Task description: Reproduce word for word the lines between those holding "Antique miniature masterpiece, A" and "4 ft grinch", inclusive, and nothing else from the data below.

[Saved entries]

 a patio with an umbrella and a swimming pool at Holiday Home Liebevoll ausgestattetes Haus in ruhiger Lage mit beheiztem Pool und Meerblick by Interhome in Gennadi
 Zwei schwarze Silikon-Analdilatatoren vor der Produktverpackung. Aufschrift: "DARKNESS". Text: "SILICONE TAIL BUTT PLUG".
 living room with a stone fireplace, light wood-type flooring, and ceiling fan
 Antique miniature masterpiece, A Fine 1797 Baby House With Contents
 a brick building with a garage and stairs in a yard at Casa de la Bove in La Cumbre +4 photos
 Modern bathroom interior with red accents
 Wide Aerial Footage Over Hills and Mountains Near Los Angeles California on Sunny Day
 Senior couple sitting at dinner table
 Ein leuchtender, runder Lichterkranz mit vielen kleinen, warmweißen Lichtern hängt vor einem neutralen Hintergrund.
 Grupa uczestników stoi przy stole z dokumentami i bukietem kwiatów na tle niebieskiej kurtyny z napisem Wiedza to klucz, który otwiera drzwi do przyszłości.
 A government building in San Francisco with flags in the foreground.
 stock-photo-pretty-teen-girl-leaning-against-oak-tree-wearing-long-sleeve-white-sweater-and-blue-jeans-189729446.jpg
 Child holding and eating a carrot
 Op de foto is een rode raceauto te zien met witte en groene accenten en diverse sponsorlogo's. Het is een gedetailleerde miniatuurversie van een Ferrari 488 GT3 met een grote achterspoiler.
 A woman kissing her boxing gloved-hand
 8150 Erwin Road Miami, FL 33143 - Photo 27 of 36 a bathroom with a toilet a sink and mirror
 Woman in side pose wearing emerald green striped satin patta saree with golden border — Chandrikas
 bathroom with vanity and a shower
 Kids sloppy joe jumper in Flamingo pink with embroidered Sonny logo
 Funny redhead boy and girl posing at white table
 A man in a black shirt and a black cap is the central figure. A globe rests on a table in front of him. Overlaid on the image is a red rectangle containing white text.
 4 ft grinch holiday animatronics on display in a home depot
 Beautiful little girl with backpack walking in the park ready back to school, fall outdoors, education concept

Written response:
 Antique miniature masterpiece, A Fine 1797 Baby House With Contents
 a brick building with a garage and stairs in a yard at Casa de la Bove in La Cumbre +4 photos
 Modern bathroom interior with red accents
 Wide Aerial Footage Over Hills and Mountains Near Los Angeles California on Sunny Day
 Senior couple sitting at dinner table
 Ein leuchtender, runder Lichterkranz mit vielen kleinen, warmweißen Lichtern hängt vor einem neutralen Hintergrund.
 Grupa uczestników stoi przy stole z dokumentami i bukietem kwiatów na tle niebieskiej kurtyny z napisem Wiedza to klucz, który otwiera drzwi do przyszłości.
 A government building in San Francisco with flags in the foreground.
 stock-photo-pretty-teen-girl-leaning-against-oak-tree-wearing-long-sleeve-white-sweater-and-blue-jeans-189729446.jpg
 Child holding and eating a carrot
 Op de foto is een rode raceauto te zien met witte en groene accenten en diverse sponsorlogo's. Het is een gedetailleerde miniatuurversie van een Ferrari 488 GT3 met een grote achterspoiler.
 A woman kissing her boxing gloved-hand
 8150 Erwin Road Miami, FL 33143 - Photo 27 of 36 a bathroom with a toilet a sink and mirror
 Woman in side pose wearing emerald green striped satin patta saree with golden border — Chandrikas
 bathroom with vanity and a shower
 Kids sloppy joe jumper in Flamingo pink with embroidered Sonny logo
 Funny redhead boy and girl posing at white table
 A man in a black shirt and a black cap is the central figure. A globe rests on a table in front of him. Overlaid on the image is a red rectangle containing white text.
 4 ft grinch holiday animatronics on display in a home depot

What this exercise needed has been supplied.